As you probably know, in Travis CI, CI stands for Continuous Integration.
And Travis stands for Travis, the shitty music band (I obviously don't have a clue).

Continuous Integration is the umbrella for various techniques and practices that every self-respecting software project should employ.
The main goal is to eliminate the long and tedious integration process, the work that you normally have to do between version's final development stage and its deployment in production. So you routinely perform (or rather, CI performs for you) the same sequence of steps, thus making the whole process polished and reliable.

In a few lines, CI is:

  • Build automation - every commit/push to an scm repo automatically triggers a new build (anything in the master branch is deployable)
  • Test automation - tests are evaluated as integral part of the build process (that's old news, right?)
  • SCM integration - primarily to facilitate build automation, but also to be able to report on issues, versions, milestones, ...
  • Project management integration - Basecamp, Campfire, Acunote and other PM tools (people, tasks, schedules, ...)
  • Project Dashboard - everything is out in the open (generally without any read access restrictions, making it available to all interested parties)

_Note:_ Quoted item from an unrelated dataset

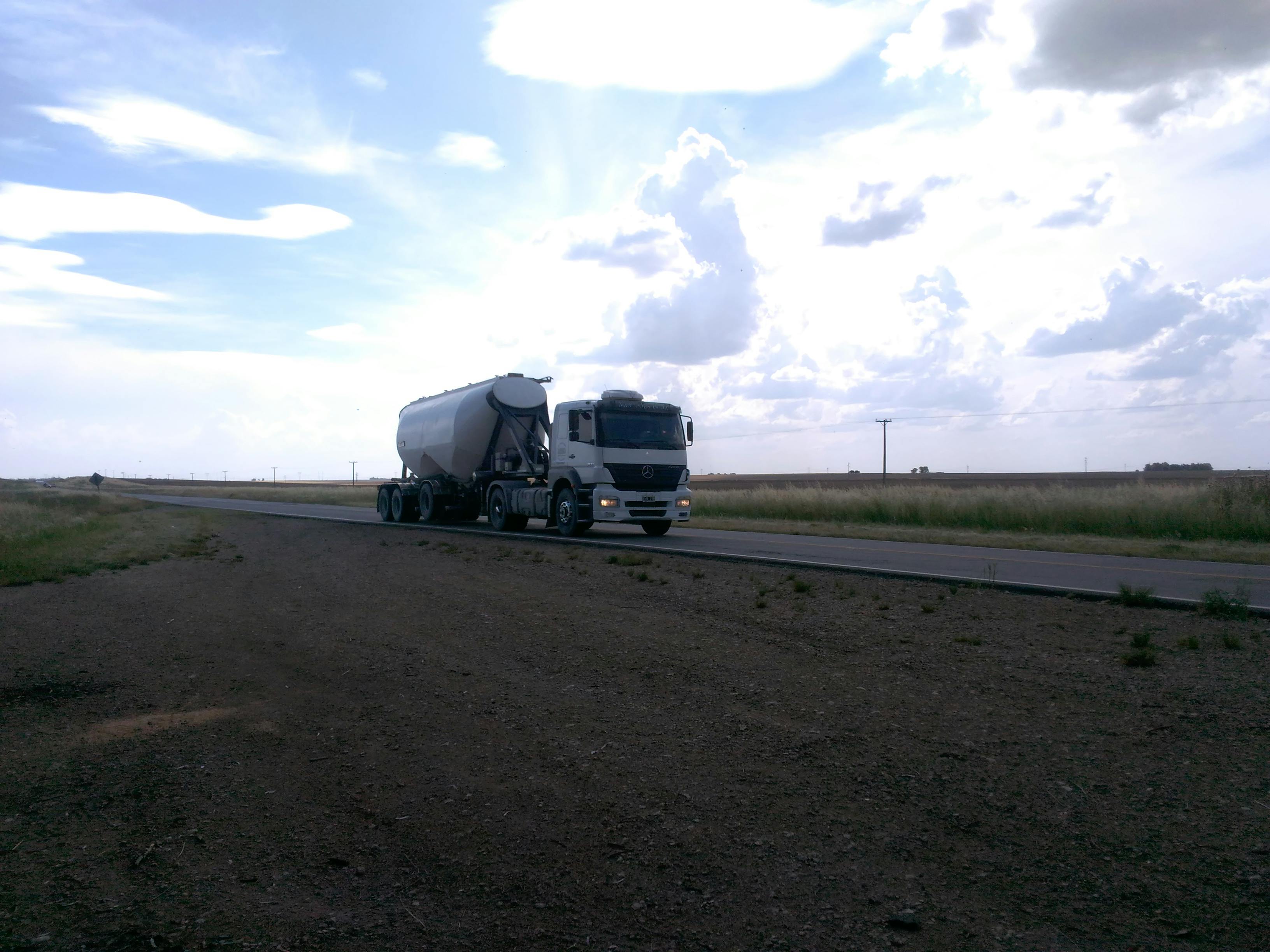 Person using a remote control to watch a television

A little angry note about CI adoption

From my standpoint, CI's most important feature is reporting. The fact that you can see whether builds are passing, test are failing, who did what, when and how (web-based scm) make CI an invaluable tool in every project's toolchain.
Although CIs are often (rightfully) attributed to open source projects, there's no reason why you shouldn't be able to use it, with equal success, in a closed, corporate environment.
Besides all the political bullshit, that is.
The one thing I learned in my early days is that, in traditional corporate environments, you can often encounter software project managers that earned their positions with years of manipulation, usurpation and other admirable practices. So, understandably, introduction of a CI is not in their best interest. They don't want transparency. Their whole job sometimes boils down to owning all the information and then strategically feeding specific (slightly adjusted) parts to different channels.
The whole chicken and egg problem is that they are the ones that decide on whether to use CI or not. So, if you ever hear stuff like "That would only slow us down", "This project is too small", "We are doing just fine without it" or "We don't have necessary experience", remember this and just smile (if you're cool-headed enough. I'm unfortunately not :)

Integrate your GitHub project with Travis-ci

OK, now that all the frustration is out, let's do some actual CI-SCM integration.

  • First go to and sign in with your GitHub account.

  • In the upper right corner click on your name (or choose Accounts) to open your Travis-ci profile.
    You'll be presented with the list of your GitHub projects (only the ones where you have administrative authority)

  • Toggle the switch on one of your projects and then click on little wrench icon to open the project's Service Hooks page on GitHub. To get to the same place from your GitHub project, go to Settings > Service Hooks.

  • On the Service Hooks page scroll down to Travis and you'll notice that the hook is already activated. Click on "Travis".

  • Click on Test Hook.
    You'll soon (depending on the availability of a Travis worker and the size of your project) get an e-mail telling you that your project build has failed (unless you're on Ruby and you're lucky as hell). I don't know what kind of projects you run there, but this is not OK, my friend.

  • Now, completely ignoring my previous comment, open the root of your GitHub project and create a new file named .travis.yml.
    That's the file that will contain your Travis configuration for the repo. YML extension stands for YAML (YAML Ain't Markup Language), which is basically a specification for data exchange format, similar to JSON.

  • According to the programming language of your project, fill in the Travis settings in your newly created .travis.yml file. Use Travis getting started documentation to find default settings for your language.